Dia menilai hal itu risiko dan efeknya bisa kemana-mana. Mulai dari pendapatan negara, juga aktivitas konsumsi rumah tangga, realisasi investasi. “Karena kan orang mau investasi melihat domestiknya masih solid apa enggak. Ya jadi itu risikonya,” tutur Bhima.
Ekonom PT Bank Mandiri (Persero) Tbk. Faisal Rachman juga menanggapi ancaman resesi global 2023 terhadap perekonomian Indonesia. Menurut dia, untuk mengalami resesi masih sangat kecil kemungkinannya, karena ekonomi Indonesia degree of openness-nya tidak terlalu tinggi.
“Jadi mayoritas ekonomi Indonesia ditopang oleh kegiatan ekonomi domestik seperti konsumsi rumah tangga,” ujar dia kepada Tempo pada Selasa, 27 September 2022.
Dampaknya yang mungkin terasa, kata Faisal, adalah penurunan kinerja ekspor karena permintaan global turun, dan harga komoditas juga kemungkinan turun. Jadi Indoensia bisa kembali mengalami defisit neraca dagang, dan seiring harga komoditas yang turun, penerimaan negara terutama dari Le Programme National de Développement Participatif (PNDP) bisa turun juga.

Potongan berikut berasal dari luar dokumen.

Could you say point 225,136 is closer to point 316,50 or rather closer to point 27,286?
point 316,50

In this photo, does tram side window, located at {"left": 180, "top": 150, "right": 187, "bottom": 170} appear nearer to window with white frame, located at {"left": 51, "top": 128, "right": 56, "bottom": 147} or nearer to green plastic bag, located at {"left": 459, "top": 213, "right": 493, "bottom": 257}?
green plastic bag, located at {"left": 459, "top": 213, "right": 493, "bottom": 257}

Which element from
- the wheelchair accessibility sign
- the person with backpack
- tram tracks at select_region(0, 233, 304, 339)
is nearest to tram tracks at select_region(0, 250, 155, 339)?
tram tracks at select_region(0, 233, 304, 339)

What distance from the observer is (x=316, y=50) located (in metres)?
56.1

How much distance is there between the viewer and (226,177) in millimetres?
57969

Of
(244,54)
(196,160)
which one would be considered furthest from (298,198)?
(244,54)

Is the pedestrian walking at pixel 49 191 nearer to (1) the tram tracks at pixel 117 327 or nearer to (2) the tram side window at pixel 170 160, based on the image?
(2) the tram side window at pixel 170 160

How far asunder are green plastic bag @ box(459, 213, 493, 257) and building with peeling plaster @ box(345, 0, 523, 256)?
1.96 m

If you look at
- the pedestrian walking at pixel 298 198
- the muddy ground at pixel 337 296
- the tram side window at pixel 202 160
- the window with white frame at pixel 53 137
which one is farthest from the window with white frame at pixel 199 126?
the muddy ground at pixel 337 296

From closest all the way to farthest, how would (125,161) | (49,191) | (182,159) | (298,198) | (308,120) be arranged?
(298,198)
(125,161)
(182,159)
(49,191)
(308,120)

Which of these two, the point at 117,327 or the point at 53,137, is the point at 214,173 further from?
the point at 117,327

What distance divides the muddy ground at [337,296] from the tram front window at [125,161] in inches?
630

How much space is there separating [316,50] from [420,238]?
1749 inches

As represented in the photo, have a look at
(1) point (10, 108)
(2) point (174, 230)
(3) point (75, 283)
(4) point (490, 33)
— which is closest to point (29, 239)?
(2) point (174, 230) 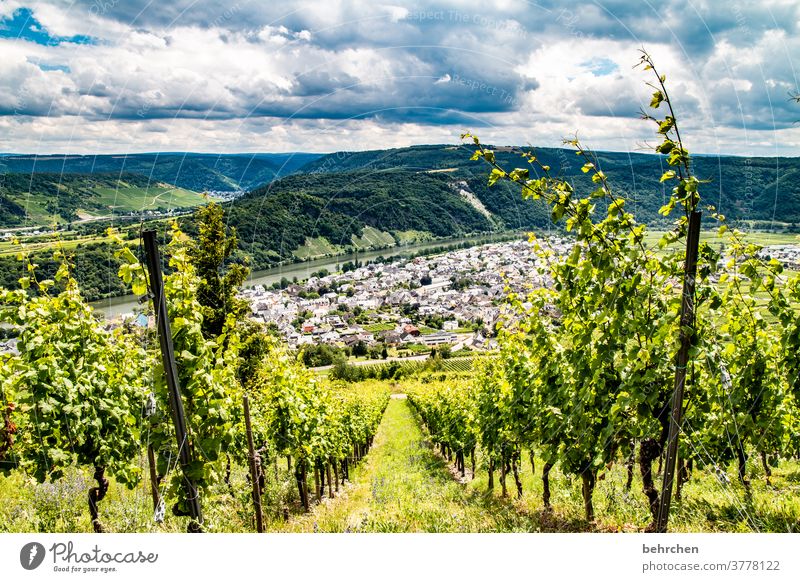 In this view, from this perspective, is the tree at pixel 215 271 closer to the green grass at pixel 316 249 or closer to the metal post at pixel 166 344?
the metal post at pixel 166 344

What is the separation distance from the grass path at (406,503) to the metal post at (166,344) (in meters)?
2.30

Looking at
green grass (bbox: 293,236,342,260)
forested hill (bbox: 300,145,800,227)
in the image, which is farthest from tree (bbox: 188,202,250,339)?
green grass (bbox: 293,236,342,260)

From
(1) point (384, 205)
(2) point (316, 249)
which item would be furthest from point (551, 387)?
(1) point (384, 205)

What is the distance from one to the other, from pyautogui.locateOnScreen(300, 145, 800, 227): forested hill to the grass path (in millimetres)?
4129

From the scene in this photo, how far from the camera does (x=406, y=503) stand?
9055mm

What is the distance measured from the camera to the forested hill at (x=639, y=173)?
2167 cm

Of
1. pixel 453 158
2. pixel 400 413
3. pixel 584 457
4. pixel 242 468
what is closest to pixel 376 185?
pixel 453 158

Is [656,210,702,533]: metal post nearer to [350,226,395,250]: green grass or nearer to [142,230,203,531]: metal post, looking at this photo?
[142,230,203,531]: metal post

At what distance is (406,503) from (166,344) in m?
6.01

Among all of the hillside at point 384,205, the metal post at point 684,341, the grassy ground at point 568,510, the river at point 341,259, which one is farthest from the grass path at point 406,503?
the hillside at point 384,205

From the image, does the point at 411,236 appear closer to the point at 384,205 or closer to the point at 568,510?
the point at 384,205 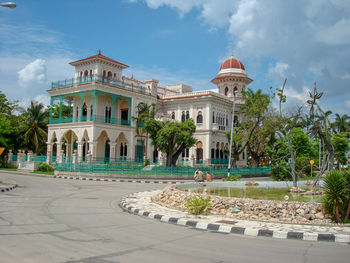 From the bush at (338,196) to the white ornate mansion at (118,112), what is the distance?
24.0 meters

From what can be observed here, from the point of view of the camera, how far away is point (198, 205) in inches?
387

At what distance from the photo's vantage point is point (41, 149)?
43.8 meters

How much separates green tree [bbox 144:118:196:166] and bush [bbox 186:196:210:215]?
749 inches

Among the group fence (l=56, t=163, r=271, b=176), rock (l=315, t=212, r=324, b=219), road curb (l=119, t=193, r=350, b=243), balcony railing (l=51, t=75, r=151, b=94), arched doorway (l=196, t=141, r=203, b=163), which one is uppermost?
balcony railing (l=51, t=75, r=151, b=94)

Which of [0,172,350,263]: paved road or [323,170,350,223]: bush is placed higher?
[323,170,350,223]: bush

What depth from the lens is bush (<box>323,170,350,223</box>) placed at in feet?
27.1

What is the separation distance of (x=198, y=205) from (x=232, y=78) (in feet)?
131

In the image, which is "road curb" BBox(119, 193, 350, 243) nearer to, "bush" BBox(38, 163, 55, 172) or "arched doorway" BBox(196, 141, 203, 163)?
"bush" BBox(38, 163, 55, 172)

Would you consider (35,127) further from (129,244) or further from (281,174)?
(129,244)

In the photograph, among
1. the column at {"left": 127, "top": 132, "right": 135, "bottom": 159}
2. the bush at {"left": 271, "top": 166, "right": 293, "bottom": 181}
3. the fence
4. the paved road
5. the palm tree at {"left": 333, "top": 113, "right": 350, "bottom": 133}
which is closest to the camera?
Answer: the paved road

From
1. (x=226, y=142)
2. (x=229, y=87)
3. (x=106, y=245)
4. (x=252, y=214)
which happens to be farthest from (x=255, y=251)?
(x=229, y=87)

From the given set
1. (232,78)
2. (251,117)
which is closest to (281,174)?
(251,117)

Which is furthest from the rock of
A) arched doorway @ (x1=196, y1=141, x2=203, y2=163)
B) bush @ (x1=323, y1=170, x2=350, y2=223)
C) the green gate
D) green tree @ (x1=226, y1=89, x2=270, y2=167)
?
arched doorway @ (x1=196, y1=141, x2=203, y2=163)

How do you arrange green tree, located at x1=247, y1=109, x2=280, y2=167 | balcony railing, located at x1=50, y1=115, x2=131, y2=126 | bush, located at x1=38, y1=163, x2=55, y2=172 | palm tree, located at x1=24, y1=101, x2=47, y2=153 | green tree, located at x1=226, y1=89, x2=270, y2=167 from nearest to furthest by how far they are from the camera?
1. bush, located at x1=38, y1=163, x2=55, y2=172
2. green tree, located at x1=247, y1=109, x2=280, y2=167
3. green tree, located at x1=226, y1=89, x2=270, y2=167
4. balcony railing, located at x1=50, y1=115, x2=131, y2=126
5. palm tree, located at x1=24, y1=101, x2=47, y2=153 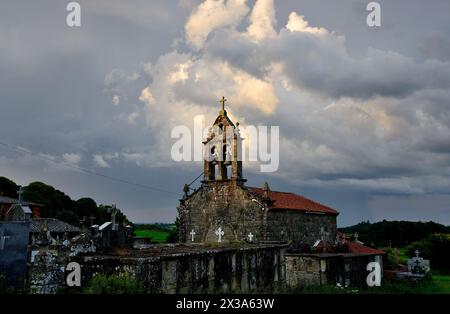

Jadi, menurut Faisal, indikasi yang bisa dilihat paling cepat adalah turunnya kinerja ekspor, nercara dagang yang berisiko kembali defisit, dan penerimaan negara yang turun. Selain itu, tekanan akan dirasakan pada nilai tukar rupiah karena investor cenderung akan mengalihkan dananya ke safe haven seperti dolar Amerika.
“Sektor usaha yang paling cepat terdampak adalah sektor-sektor yang ekspor oriented terutama terkait komoditas. Betul (peluang yang harus digarap untuk pertumbuhan tahun depan adalah pasar domestik), terutama dalam menjaga daya beli,” ucap dia.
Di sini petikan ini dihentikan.